E-mail harveyhelp@thechurchlab.org with your name and credentials. We are still pulling together the structure for this commitment and will contact you as soon as we are ready to put you to work.
SOON
More Supplies:
In the next couple of weeks I will personally bring in supplies to bring to my community through my 501(c)3 community, The Church Lab. We are not priority, as bigger organization like The Red Cross can get to them before our vehicles can. But feel more than free to donate here, knowing in a week or two we will be able to bring supplies to specific groups we know are in need, and likely know personally. https://www.crowdrise.com/goldentrianglestormfriends/fundraiser/church-lab
We’ll bring vital supplies, including some folks often forget to send. This will likely include supplies like water, food, cleaning supplies, socks, underwear, adult diapers, medicine, baby supplies of various sorts, basic medical supplies, tools for cleanup, tampons/pads and other toiletries.

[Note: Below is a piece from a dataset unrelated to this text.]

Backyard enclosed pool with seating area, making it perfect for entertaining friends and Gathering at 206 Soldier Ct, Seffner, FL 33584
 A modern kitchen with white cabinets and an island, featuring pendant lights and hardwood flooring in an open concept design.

Discretionary Fund Designations:
Contact the churches listed above and ask to designate your donations to a discretionary disaster relief fund that can help families that fall through the cracks in coming weeks. There will be MANY families without employment because their workplaces don’t exist anymore or they cannot reach their workplace. They will be losing a way to provide for their families when they need more resources than ever. Some will fall through the FEMA cracks. Churches on the ground can often identify who these quiet sufferers are and come alongside them.
Gift Cards:
It’s a great time to roll out the red carpet after all they’ve suffered! It’d be great to buy them all trips to DisneyWorld if we could! But perhaps we could send gift cards to Target, Home Depot, Lowe’s, furniture stores, Amazon, etc. Let folks replace their precious memories with the very materials their new homes will be made of instead of choosing for them or sending the things we don’t want anymore. Contact the churches listed above to send help most directly.
WHAT TO AVOID:
Sending Clothes: Folks donate clothes more than anything else in situations like this, and oftentimes shelters themselves have to donate clothes elsewhere.
Going in Without An Organization Expecting You OR Not Knowing What Specific Need You’ll Meet: You’ll become one more mouth to feed, using precious resources.
May we be the faithful hands and feet, and discover the joy of relational ministry after the storm AND after the cameras.